I have your letter of March 26 responding to the Civil Rights Commission Report discussing a number of Department of Agriculture programs and the manner in which they have been operated. The Commission report pointed out some instances in which discrimination on the basis of race have been found to exist.

It seems to me that the steps the Department is taking are designed to correct these deficiencies. I note, however, that many of them depend upon reports and responses from various units of the Department, and I would appreciate it, therefore, if you could let me know what actual progress has been made as a result of the changes you have instituted. It seems to me that a report 60 days from now on the progress actually made would be helpful.



[Honorable Orville Freeman, The Secretary, Department of Agriculture, Washington, D.C.]

Note: Secretary Freeman's letter of March 26 was in reply to a February 27 letter from the President (Item 85) regarding the Civil Rights Commission report of racial discrimination in some aspects of the Department of Agriculture programs.

In his letter Secretary Freeman stated that although significant progress had been made in the Department in the preceding 4 years in assuring equal opportunity, the report of the Civil Rights Commission emphasized the need for the Department to reexamine efforts in this field and to work even more diligently to assure that all departmental activities were totally free of discrimination.

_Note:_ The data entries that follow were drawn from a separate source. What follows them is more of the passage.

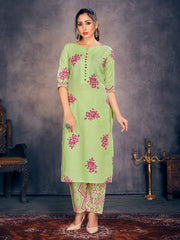 Stunning Green Rayon Block Print Kurta Set: Elevate Your Ethnic Wardrobe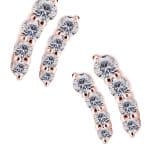 4-Gem Prium Threaded Stud Earring, 18k Rose Gold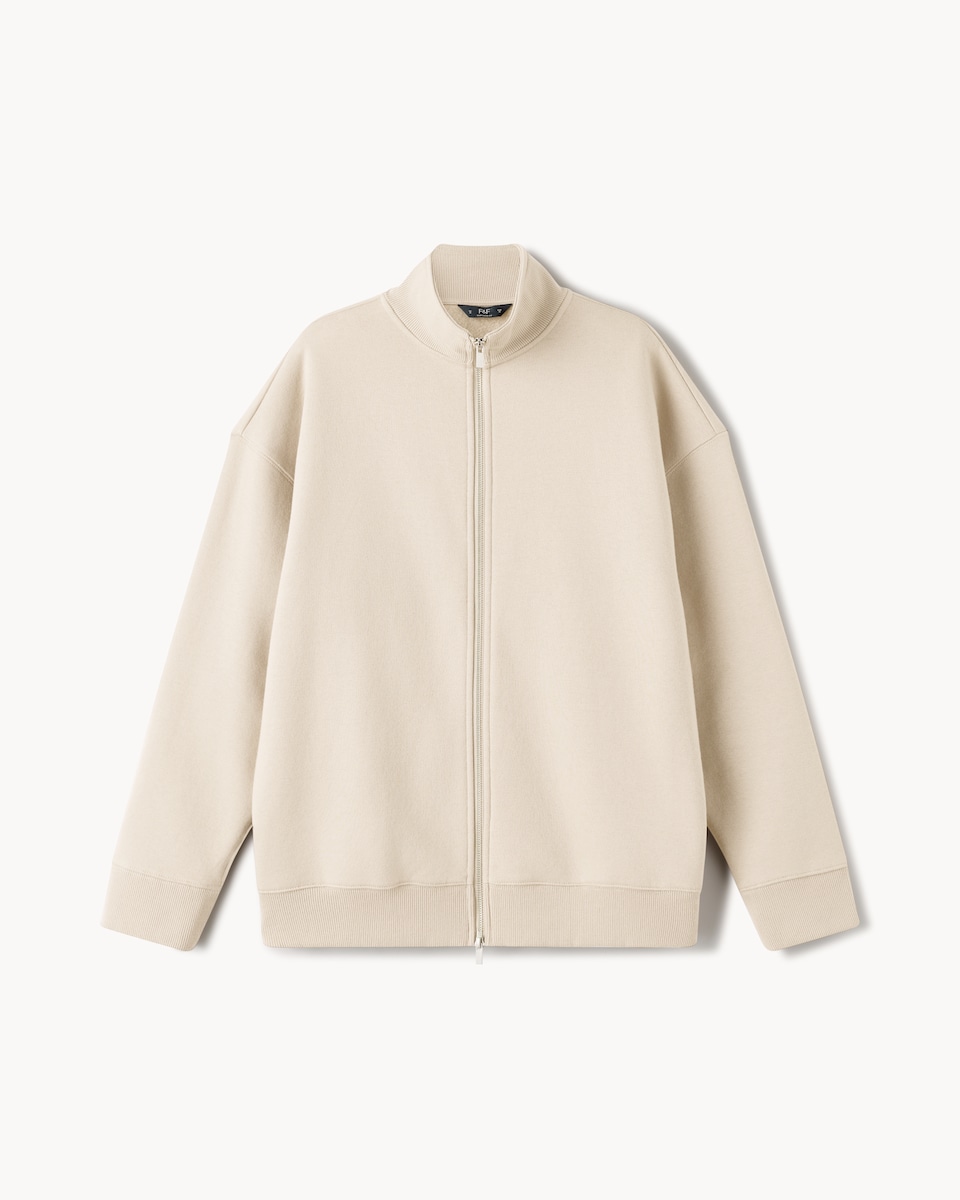image 1 of F&F Cotton Rich Zip Up Sweatshirt in Ecru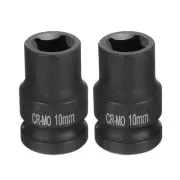 2pcs 4 Point Square Socket 1/2" Drive 10mm Metric CR-MO Impact Wheel Socket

He stated that the following steps had been taken to implement the Commission's recommendations:

1. The agencies studied by the Commission had reviewed the Commission's findings and recommendations and had reported to the Secretary actions being taken to correct the discriminatory practices indicated. These agencies had been directed to make periodic progress reports to the Secretary until the unfair practices had been eliminated.

2. All agencies of the Department had been directed to take immediate steps to encourage and increase participation by Negro rural residents on an equal basis in all Department programs.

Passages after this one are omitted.